Northumberland's Ben Taylor, Andrew Minnikin, Nicky Maddison and Kris Gray all won the decisive singles to lift their team to third and leave Durham marooned at the bottom.
Maddison had to miss the previous week's county strokeplay championship at Newbiggin because of college commitments in Kansas, where three wins and three more top ten places in his conference placed him in the Ping Collegiate All American Top Five.
The Northumberland No 1, Mark Penny, had been another absentee as he tied down a respectable 15th place finish in the National Collegiate Junior Tournament in Alabama.
On Saturday, Penny played Callum Tarren in the No 1 singles, in what, on paper, should have been an epic. Penny won both the county strokeplay and matchplay titles last season.
At 18, Tarren is Durham's youngest No 1 since Graeme Storm, holds both county crowns and has been awarded a scholarship at the Radford College in Virginia, which he will begin at the end of August.
But Tarren brushed aside Penny, one of the most formidable golfers in the North East, by a crushing 6&5.
Penny won the first hole but was four down after 11 as Tarren reduced a respectable, and beautifully manicured, course to, for him, no more than a drive-and-flick track.
With an accurate 300-yards plus drive at every hole, bar the par-threes, Tarren outdrove Penny by 30-40 yards every hole and had a surer touch around the greens.
Initially, Penny gave ground with poor putting. But once he let a golfer like Tarren get away he would have needed his A game in every department on a day when putting troubles seemed to affect confidence in other areas.
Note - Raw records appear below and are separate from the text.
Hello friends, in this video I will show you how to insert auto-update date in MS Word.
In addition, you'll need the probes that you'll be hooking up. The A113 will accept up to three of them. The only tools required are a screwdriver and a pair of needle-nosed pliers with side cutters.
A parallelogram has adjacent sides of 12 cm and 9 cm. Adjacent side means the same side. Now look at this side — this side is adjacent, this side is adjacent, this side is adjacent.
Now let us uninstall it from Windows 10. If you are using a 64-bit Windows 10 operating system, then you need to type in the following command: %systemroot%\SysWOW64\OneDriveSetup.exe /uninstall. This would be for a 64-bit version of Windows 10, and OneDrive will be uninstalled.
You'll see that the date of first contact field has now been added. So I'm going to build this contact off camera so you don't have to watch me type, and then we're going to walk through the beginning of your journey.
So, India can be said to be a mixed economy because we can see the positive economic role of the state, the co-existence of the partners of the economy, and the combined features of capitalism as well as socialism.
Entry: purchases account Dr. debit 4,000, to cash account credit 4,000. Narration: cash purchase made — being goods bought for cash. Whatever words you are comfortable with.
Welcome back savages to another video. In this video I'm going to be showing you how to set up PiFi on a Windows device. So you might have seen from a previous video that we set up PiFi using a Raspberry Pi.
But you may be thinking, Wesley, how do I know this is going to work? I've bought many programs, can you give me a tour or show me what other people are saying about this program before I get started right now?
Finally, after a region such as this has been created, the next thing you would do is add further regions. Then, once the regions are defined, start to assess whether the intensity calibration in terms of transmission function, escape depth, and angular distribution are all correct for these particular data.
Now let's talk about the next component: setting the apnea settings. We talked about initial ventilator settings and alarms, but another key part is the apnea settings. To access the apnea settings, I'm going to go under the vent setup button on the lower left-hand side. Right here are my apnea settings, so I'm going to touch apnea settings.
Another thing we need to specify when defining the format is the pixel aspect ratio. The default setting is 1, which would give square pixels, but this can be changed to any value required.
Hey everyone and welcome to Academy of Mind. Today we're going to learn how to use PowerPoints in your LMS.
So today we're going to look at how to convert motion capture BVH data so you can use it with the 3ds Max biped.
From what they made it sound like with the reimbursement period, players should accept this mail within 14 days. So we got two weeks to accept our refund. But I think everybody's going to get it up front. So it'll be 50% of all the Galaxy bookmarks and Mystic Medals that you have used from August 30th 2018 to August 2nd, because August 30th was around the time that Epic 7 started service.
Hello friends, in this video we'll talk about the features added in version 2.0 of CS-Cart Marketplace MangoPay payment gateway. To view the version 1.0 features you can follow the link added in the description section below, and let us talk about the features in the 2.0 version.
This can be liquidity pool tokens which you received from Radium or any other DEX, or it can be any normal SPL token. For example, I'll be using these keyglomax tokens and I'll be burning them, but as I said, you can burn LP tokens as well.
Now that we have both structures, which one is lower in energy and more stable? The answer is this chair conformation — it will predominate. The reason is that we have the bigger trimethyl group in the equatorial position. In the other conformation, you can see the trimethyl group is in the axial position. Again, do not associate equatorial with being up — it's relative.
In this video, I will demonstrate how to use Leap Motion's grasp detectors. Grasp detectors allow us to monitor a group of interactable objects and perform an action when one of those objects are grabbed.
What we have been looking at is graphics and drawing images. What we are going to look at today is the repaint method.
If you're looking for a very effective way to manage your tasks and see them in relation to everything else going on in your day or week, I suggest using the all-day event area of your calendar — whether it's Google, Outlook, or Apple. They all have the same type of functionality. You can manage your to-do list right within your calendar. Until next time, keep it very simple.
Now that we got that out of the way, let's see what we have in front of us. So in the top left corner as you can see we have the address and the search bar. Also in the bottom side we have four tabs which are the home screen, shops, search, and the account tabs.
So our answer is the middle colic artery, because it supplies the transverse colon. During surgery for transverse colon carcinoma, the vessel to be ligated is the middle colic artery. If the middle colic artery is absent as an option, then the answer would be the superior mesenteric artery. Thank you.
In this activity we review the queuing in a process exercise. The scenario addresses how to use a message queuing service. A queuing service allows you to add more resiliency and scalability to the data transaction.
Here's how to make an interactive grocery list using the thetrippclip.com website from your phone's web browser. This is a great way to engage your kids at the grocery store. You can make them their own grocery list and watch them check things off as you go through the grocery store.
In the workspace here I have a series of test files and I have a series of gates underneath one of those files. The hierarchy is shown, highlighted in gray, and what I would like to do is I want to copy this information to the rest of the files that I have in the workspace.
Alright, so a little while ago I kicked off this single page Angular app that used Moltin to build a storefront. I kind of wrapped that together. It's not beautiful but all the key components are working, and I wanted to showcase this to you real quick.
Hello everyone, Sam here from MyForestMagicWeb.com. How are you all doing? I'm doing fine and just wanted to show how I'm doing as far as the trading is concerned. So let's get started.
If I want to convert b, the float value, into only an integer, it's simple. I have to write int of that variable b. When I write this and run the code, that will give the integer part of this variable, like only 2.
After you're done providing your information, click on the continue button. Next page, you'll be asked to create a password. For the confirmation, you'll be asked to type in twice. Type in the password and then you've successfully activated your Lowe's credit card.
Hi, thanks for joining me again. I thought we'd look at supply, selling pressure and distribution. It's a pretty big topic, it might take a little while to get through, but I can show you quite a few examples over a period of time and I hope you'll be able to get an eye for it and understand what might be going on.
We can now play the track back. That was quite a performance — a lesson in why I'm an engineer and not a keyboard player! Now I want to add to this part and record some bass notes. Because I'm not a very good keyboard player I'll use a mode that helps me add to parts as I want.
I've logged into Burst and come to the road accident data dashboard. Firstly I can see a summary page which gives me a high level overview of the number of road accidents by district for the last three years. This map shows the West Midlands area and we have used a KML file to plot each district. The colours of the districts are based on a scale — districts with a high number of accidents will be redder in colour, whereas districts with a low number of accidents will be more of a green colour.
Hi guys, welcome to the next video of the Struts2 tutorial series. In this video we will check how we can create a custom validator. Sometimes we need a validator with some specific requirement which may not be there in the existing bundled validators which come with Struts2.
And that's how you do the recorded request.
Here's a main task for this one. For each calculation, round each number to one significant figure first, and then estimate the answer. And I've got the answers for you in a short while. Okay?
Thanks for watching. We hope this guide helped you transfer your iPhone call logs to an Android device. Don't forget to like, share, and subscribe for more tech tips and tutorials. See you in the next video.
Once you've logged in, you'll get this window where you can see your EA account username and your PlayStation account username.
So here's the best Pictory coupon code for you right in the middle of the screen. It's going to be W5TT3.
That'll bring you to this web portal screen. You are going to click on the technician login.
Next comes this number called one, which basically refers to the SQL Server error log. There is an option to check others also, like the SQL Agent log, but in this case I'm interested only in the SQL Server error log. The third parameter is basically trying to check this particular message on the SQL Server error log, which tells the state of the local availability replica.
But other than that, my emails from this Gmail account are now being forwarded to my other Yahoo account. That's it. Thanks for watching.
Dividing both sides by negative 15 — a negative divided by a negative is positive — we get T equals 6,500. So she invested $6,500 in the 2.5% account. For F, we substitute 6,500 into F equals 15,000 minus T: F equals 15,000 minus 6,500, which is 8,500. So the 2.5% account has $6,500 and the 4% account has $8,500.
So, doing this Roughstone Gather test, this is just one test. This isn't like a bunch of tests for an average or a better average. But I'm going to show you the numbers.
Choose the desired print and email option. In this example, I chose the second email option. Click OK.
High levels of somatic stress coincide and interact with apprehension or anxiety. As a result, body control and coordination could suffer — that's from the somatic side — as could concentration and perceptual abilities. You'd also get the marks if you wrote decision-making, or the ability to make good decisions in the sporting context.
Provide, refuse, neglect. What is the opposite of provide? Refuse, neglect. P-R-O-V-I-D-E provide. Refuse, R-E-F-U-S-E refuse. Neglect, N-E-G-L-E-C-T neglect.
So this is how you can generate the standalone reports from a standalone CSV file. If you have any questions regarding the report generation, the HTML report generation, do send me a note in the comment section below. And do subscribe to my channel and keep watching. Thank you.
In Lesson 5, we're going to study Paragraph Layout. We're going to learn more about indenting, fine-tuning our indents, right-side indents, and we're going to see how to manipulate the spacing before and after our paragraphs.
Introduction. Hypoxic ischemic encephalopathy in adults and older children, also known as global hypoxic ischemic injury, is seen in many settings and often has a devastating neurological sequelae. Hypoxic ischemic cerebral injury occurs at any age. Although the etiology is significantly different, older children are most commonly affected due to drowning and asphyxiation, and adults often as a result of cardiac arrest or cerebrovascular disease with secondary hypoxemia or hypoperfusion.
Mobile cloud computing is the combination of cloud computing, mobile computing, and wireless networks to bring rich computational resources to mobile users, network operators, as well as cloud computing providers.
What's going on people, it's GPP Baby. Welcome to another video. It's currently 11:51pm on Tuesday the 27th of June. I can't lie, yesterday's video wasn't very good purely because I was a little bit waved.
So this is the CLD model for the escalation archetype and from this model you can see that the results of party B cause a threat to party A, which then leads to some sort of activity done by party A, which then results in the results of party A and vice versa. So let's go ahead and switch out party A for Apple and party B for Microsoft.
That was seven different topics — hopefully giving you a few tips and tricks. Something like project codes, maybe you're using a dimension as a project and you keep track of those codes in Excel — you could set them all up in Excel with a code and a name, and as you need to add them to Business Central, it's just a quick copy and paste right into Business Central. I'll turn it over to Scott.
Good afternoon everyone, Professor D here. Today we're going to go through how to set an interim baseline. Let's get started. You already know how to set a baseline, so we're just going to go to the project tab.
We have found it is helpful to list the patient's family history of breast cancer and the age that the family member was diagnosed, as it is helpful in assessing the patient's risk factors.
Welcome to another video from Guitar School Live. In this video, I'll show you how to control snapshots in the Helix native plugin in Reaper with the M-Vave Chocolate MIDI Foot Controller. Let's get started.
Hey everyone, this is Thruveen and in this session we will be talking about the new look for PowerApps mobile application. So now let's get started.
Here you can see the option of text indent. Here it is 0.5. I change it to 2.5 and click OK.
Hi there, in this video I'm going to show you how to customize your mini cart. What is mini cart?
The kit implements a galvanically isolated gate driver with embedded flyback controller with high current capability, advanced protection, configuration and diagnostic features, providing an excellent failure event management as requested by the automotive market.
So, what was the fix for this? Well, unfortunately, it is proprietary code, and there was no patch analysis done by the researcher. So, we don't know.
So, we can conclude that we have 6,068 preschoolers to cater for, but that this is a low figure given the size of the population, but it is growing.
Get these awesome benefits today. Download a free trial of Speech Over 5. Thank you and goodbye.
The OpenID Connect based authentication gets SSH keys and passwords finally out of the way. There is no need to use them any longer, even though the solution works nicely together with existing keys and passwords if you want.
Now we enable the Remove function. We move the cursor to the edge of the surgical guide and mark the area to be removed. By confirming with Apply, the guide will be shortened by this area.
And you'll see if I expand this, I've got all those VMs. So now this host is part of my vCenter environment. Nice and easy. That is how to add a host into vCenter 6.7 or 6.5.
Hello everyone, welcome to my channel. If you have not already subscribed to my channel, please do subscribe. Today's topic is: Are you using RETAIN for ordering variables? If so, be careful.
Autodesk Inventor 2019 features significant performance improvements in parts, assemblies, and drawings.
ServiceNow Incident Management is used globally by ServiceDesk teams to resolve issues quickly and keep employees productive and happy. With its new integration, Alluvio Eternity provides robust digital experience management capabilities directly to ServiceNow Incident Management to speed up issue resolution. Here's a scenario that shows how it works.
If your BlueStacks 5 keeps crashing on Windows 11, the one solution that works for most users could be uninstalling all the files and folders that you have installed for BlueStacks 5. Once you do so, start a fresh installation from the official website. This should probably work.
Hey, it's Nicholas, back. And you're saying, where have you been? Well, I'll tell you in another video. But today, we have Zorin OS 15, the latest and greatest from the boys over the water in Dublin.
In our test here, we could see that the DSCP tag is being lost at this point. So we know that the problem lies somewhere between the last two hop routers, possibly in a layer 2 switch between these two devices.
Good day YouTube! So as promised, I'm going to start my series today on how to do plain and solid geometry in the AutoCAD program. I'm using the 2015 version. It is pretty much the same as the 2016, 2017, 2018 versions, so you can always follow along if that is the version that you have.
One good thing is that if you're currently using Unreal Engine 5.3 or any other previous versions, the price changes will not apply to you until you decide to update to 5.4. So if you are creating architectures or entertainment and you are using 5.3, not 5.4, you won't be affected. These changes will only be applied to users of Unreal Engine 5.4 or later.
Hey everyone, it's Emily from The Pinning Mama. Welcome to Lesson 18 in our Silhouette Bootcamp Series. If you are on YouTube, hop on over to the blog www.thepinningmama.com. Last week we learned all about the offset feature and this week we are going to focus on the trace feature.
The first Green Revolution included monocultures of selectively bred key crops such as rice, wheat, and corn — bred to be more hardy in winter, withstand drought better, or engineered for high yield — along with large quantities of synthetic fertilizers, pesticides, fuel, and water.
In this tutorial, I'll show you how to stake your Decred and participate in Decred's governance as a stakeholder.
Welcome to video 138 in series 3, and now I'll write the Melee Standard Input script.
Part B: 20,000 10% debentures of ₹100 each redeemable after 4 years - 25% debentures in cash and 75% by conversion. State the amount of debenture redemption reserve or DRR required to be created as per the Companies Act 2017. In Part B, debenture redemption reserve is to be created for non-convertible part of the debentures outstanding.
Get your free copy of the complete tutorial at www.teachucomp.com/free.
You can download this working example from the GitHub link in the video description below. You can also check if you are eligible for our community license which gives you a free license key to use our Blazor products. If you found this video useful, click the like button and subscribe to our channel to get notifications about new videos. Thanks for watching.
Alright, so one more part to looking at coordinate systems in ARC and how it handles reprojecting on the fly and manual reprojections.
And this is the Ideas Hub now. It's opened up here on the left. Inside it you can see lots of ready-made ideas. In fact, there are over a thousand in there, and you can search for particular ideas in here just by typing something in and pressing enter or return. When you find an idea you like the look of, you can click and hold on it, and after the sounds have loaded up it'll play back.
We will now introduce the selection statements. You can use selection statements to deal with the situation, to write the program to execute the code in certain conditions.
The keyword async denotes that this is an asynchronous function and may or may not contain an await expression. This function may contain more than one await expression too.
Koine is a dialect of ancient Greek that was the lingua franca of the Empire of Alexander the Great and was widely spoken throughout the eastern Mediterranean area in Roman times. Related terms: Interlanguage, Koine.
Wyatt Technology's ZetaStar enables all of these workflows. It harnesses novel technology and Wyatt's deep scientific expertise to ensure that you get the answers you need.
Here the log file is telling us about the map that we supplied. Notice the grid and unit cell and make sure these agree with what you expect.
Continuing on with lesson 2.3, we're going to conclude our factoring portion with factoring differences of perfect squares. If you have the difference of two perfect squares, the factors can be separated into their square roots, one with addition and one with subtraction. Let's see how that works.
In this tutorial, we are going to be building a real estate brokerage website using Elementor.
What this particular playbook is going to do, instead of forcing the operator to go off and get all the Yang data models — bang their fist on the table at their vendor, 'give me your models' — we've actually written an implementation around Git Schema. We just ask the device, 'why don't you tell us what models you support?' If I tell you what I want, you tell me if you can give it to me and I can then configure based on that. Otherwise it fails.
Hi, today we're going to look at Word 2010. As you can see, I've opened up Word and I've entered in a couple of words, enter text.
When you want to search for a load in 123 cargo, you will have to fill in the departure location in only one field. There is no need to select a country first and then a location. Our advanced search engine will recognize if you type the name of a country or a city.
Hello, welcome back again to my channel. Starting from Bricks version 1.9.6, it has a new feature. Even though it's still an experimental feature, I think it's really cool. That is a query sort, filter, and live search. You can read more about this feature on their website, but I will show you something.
Tarren looks at each shot, makes up his mind quickly and hits it.
Told that several spectators with a sound knowledge had said he already looks like a Tour pro, Tallen said: "That is a nice compliment, but it is simply not the case. I've got a long way to go and a lot to learn before I can think about mixing it with professionals."
Having taken a shine to Ponteland - "I like parklands courses out in the country that are in lovely condition" - he placed his entry for the Green Jacket tournament there on July 12, before driving home to Darlington.
But by the time The Journal Champion of Champions comes round and the EGU Champion of Champions for county title holders, Tallen will be into his first US college year.